CBS News recently talked with Tim Carpenter, head of the FBI’s art crime unit, who recalled, “When I first went into his house and saw the size of the collection, it was unlike anything we’d ever seen. Not only me, but I don’t think anybody on the art crime team.”
The FBI has now released photos providing a glimpse of Miller’s collection, “some 42,000 items, including pre-Colombian pottery, an Italian mosaic, and items from China,” according to CBS News.
“Roughly half of the collection was Native American, and the other half of the collection was from every corner of the globe,” Carpenter said.
The recent publicity represents an effort by the FBI “to identify and repatriate the cultural property.” A story posted on the FBI’s website (bit.ly/FBI-ancestors) notes that Miller, a former engineer who died in 2015, had “approximately 500 sets of human remains looted largely from Native American burial grounds” in his collection.

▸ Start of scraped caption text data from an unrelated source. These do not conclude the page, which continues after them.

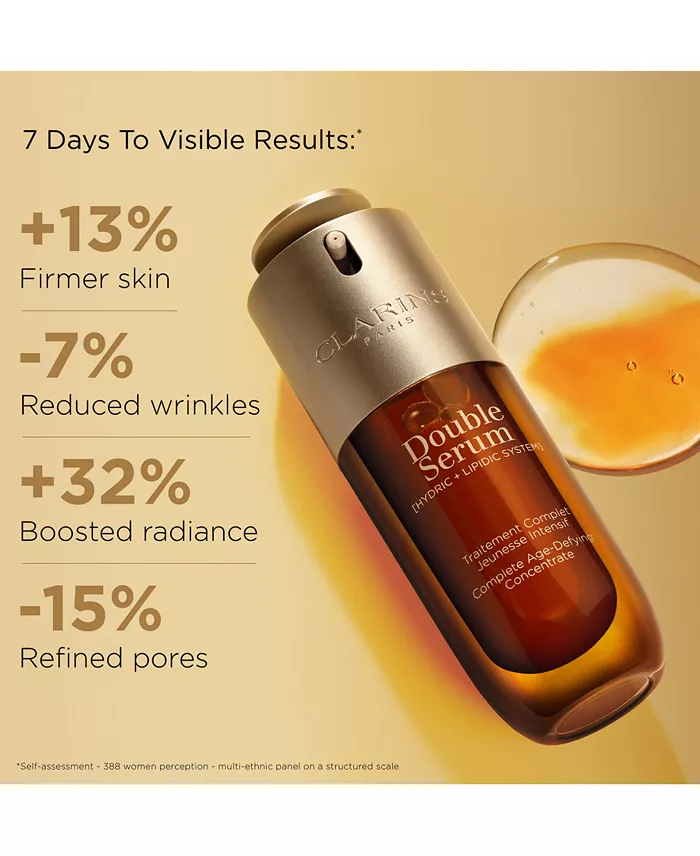 Clarins Double Serum To Firm Smooth Boost Radiance & Refine Pores 2.5 Oz. Beauty
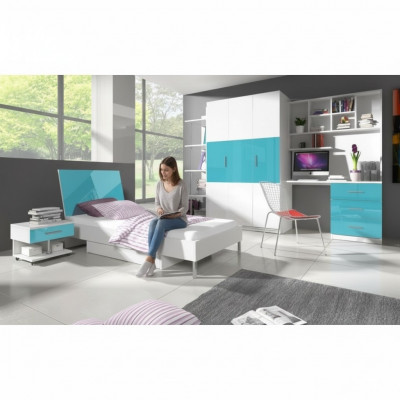 Lit + Table de chevet - Mobilier de chambre pour enfants Lits Bleus 2 pièces. Ensemble neuf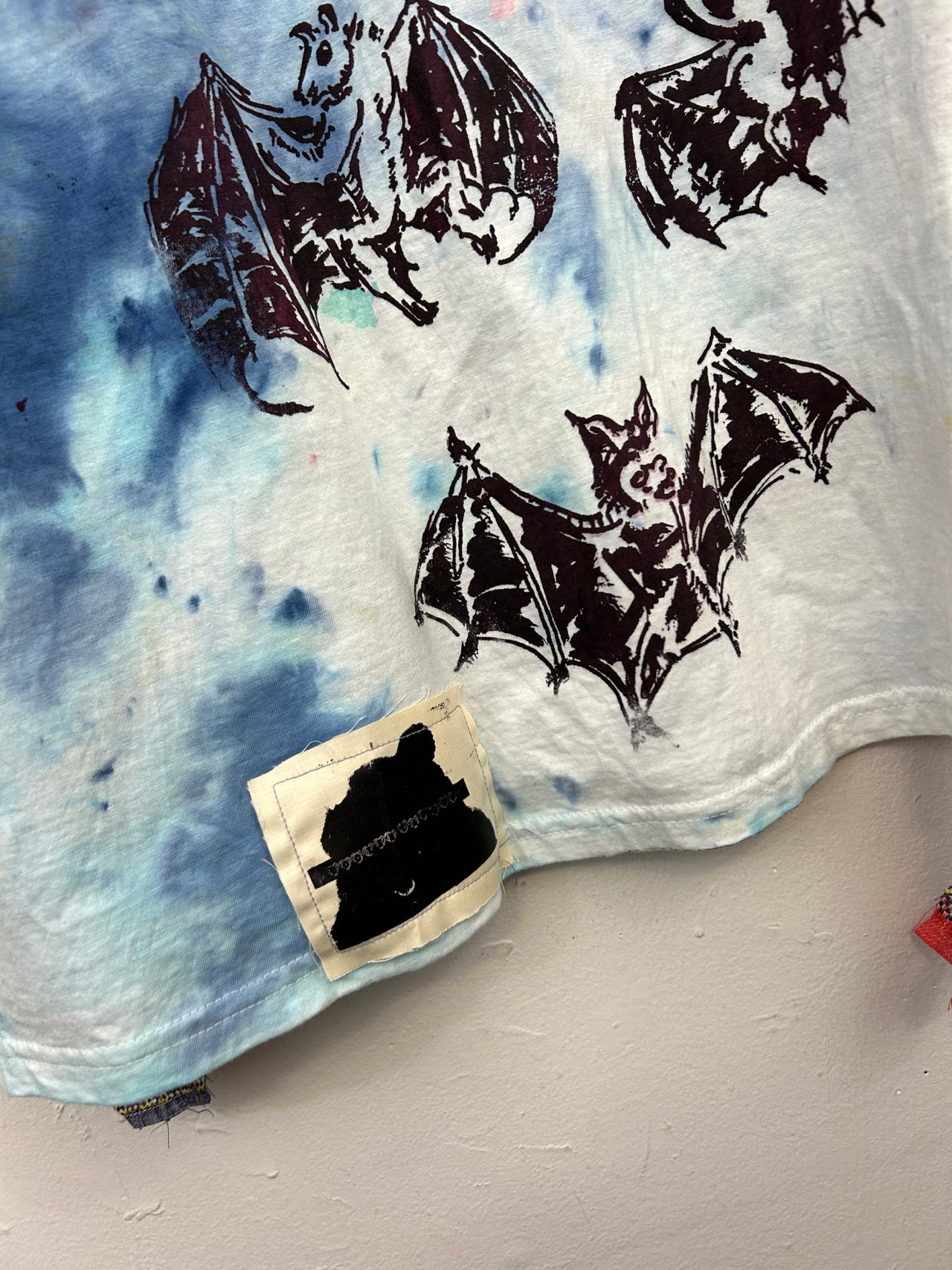 Smiley & Bats T-Shirt Hand-Painted/Hand-Embellished by Scooter La Forge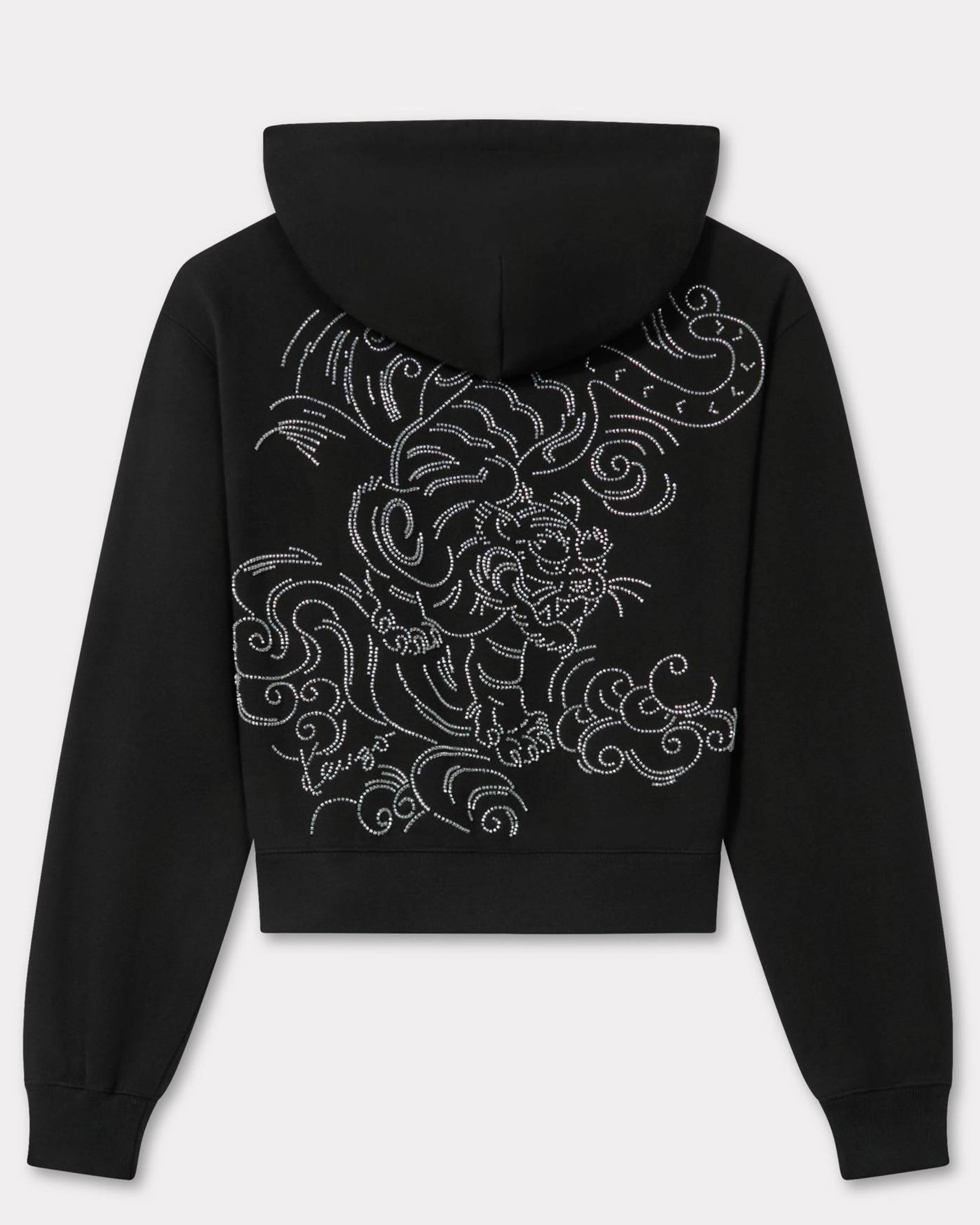 Cropped Cotton Hoodie With Drawstring And Subtle Embroidery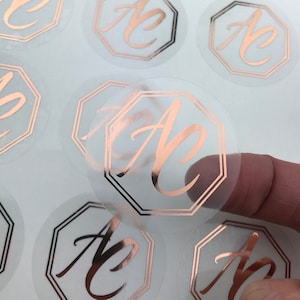 Round clear stickers for wedding invites - Personalised wedding stickers, rose gold, Transparent LabelClear Labels, Custom Transparent Label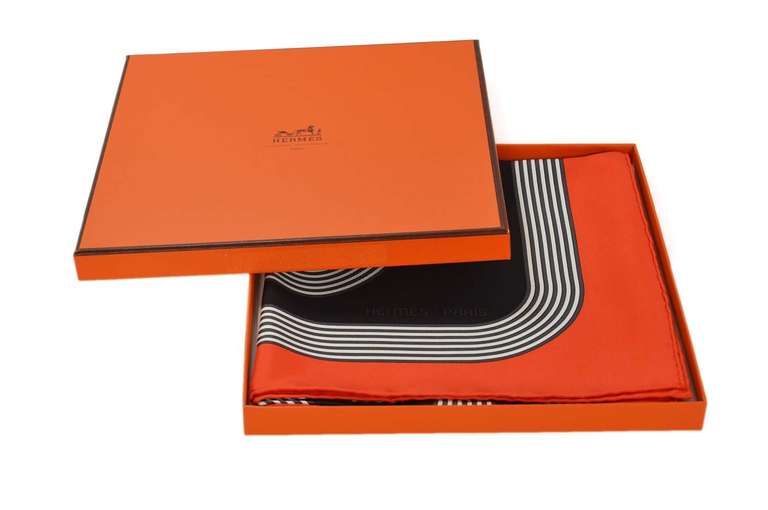 Women's Hermes Orange, Black & White Silk Chain d'Ancre Print Scarf w. Box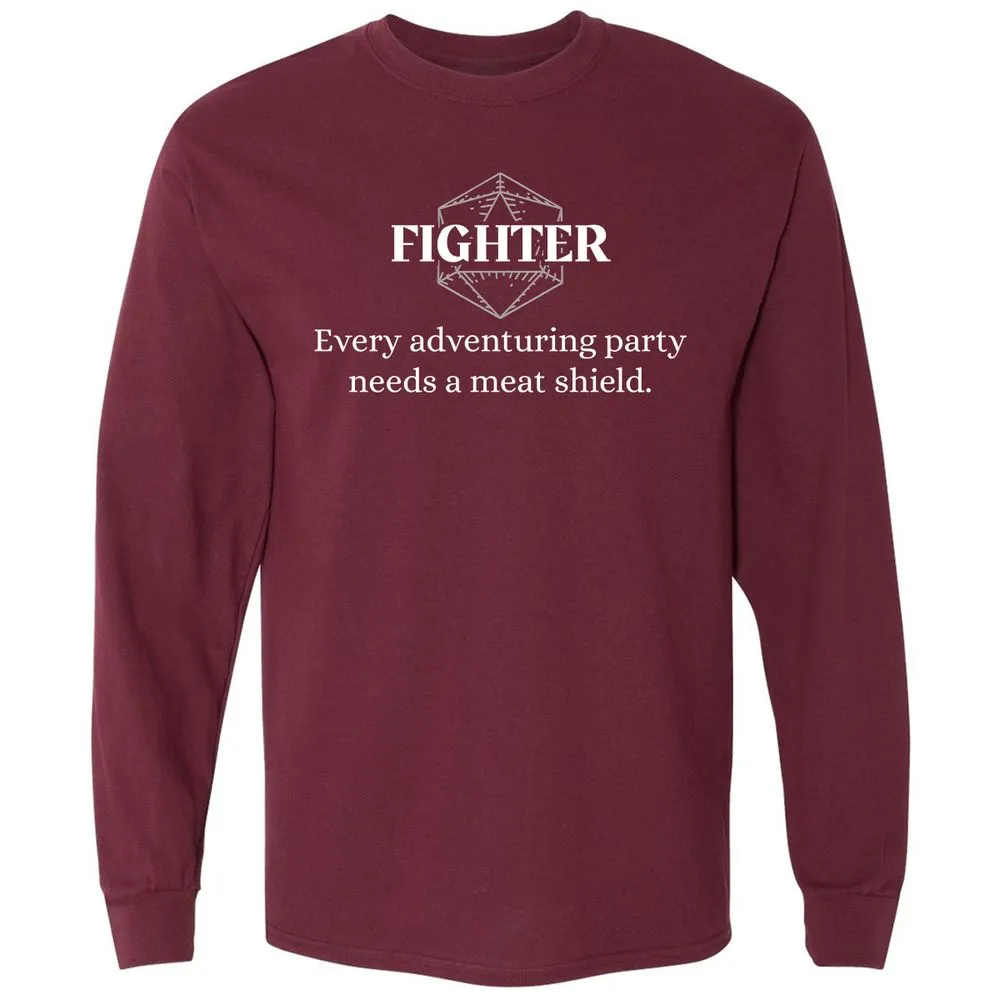 Fighter – Every Party Needs A Meat Shield Long Sleeve T-Shirt - Maroon - 11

The FBI has created “an invitation-only website detailing the items, in the hopes of gaining further assistance from governments around the world and from Native American tribes.”
CBS News reported: “Experts determined the remains found at Miller’s residence likely came from Native American tribes including the Arikara. In North Dakota, tribal official Pete Coffey is working with the FBI to bring them home.”

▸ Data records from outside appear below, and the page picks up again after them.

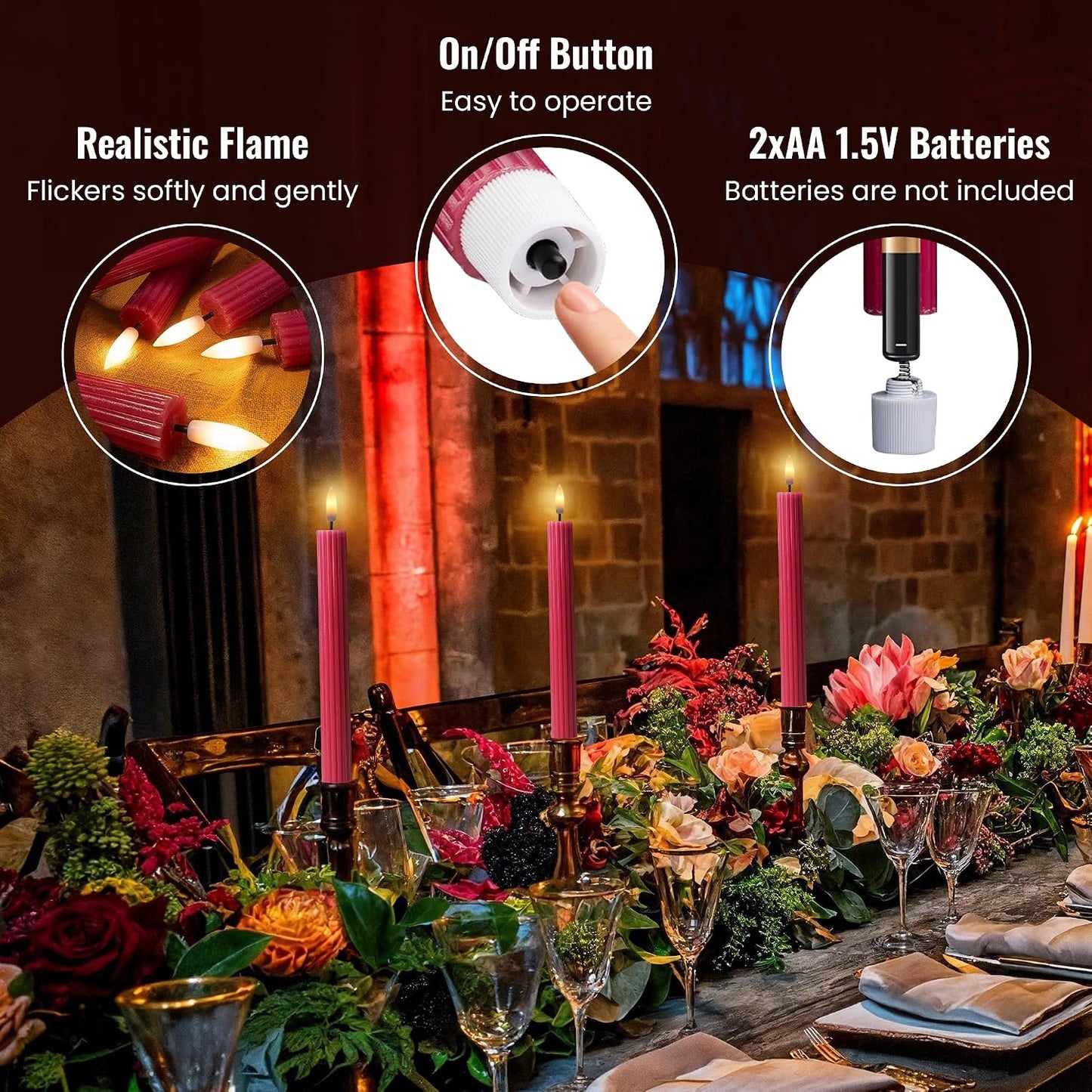 10" Fluted LED Pink Grooved Pillar Candles with 2 Remotes & 24h Timer Memory, On/Off Switch - Flameless Dimmable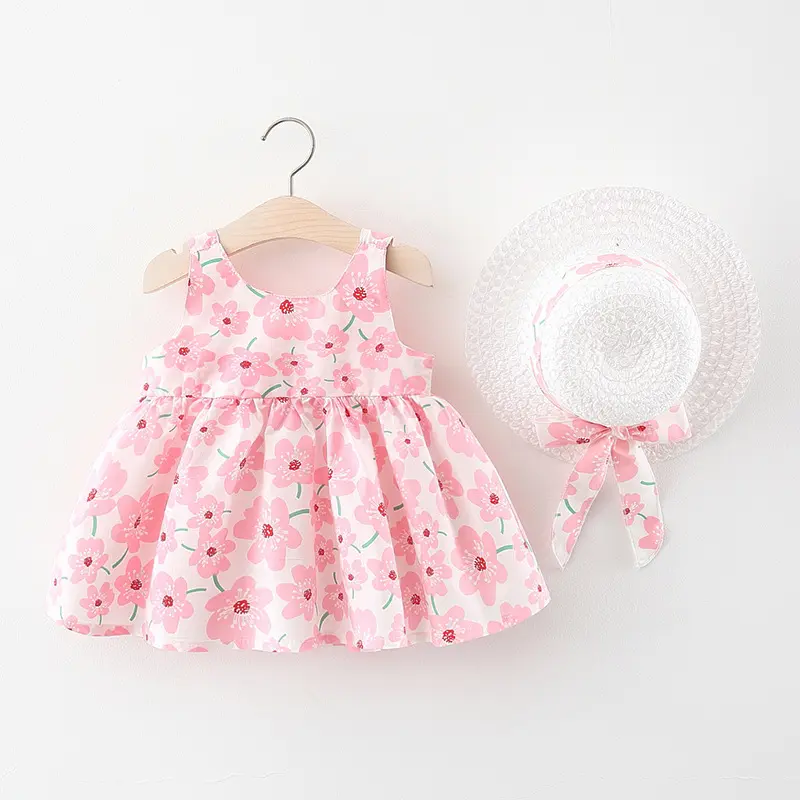 New Style Sweet Fashion Floral Princess Dress for Baby Girls with Hood and Bowknot Korean Style Puffy Dress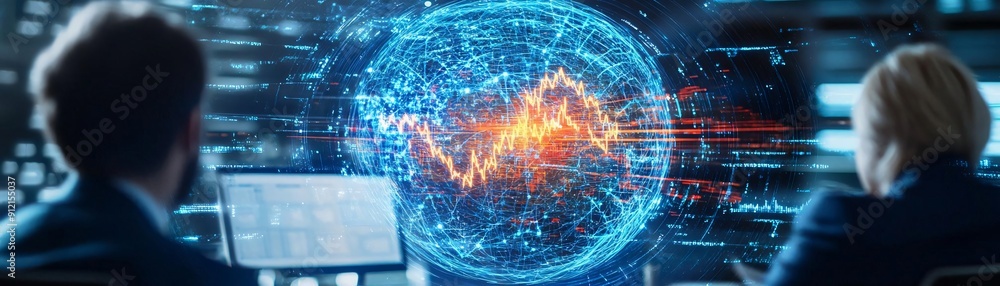 Poster two professionals analyze data and trends on screens, surrounded by digital graphs and global statis
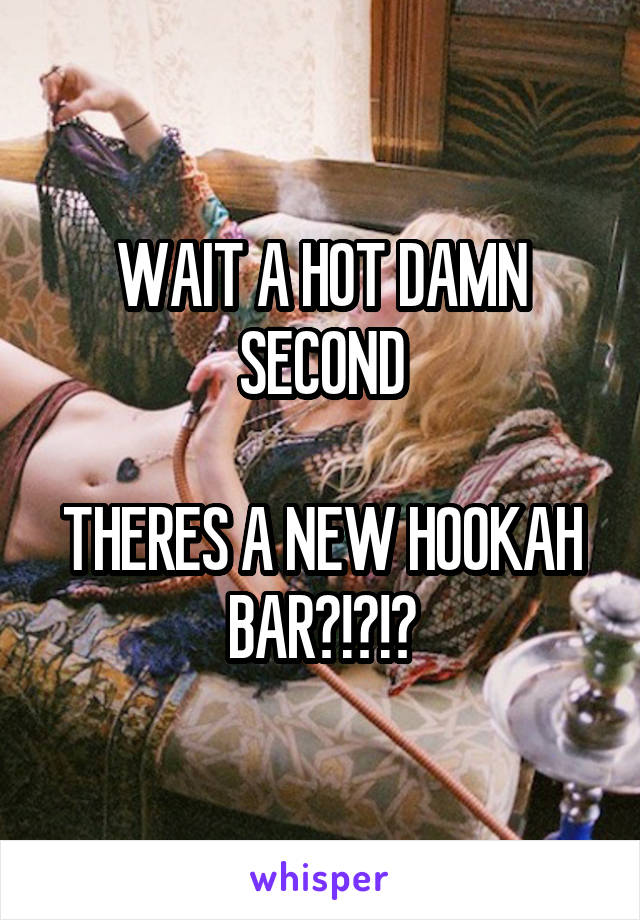 WAIT A HOT DAMN SECOND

“All too often here we have been treated as curiosities rather than a people here,” Coffey told CBS. “They could very well be my own great, great, great, great grandfather, or grandmother, you know, that had been – I characterize it as being ripped out of the earth, you know.”

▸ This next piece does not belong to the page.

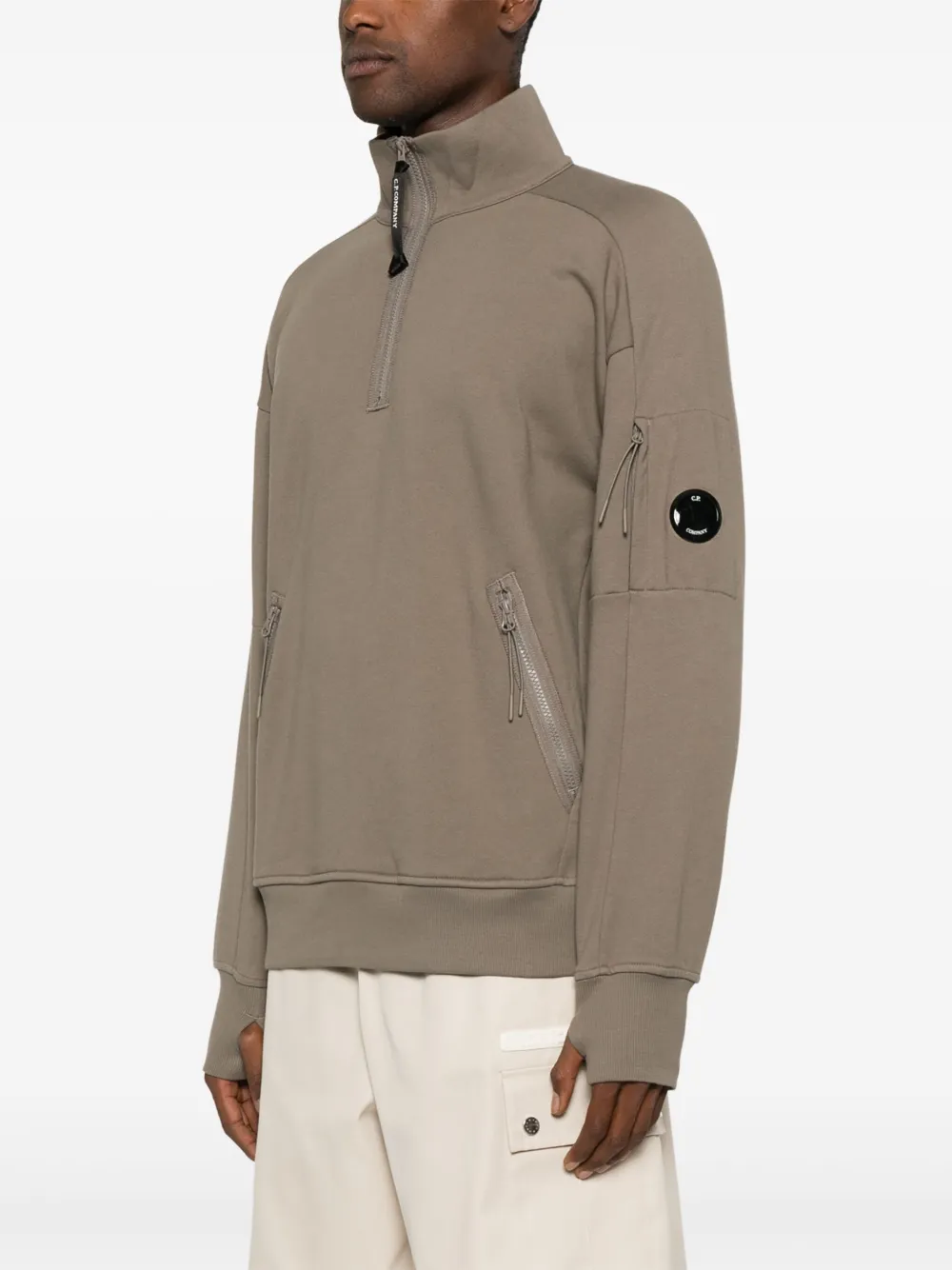 C.P. Company Sweater met Lens-detail Groen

More than 25 years ago, I wrote about a lawsuit brought by the White Earth Land Recovery Project against the developer of the OTC Residential Park, near Ottertail, Minn. The trailer park developer and individual lot owners had constructed roads, driveways and septic systems in the midst of 23 ancient burial mounds. I visited the OTC trailer park and talked with residents; I also talked with former residents who fled the place after experiencing stranger, poltergeist-type phenomena. The paranormal aspect made this story very popular, as I recall, with a variety of news outlets picking it up.
In any case, the Indiana collection of artifacts and ancestors represents a continuation of the troubling degradation of Native American culture. There’s cultural appropriation, and then there’s this ghoulish trespass on the remains of ancestors. Perhaps, they now will make their way home.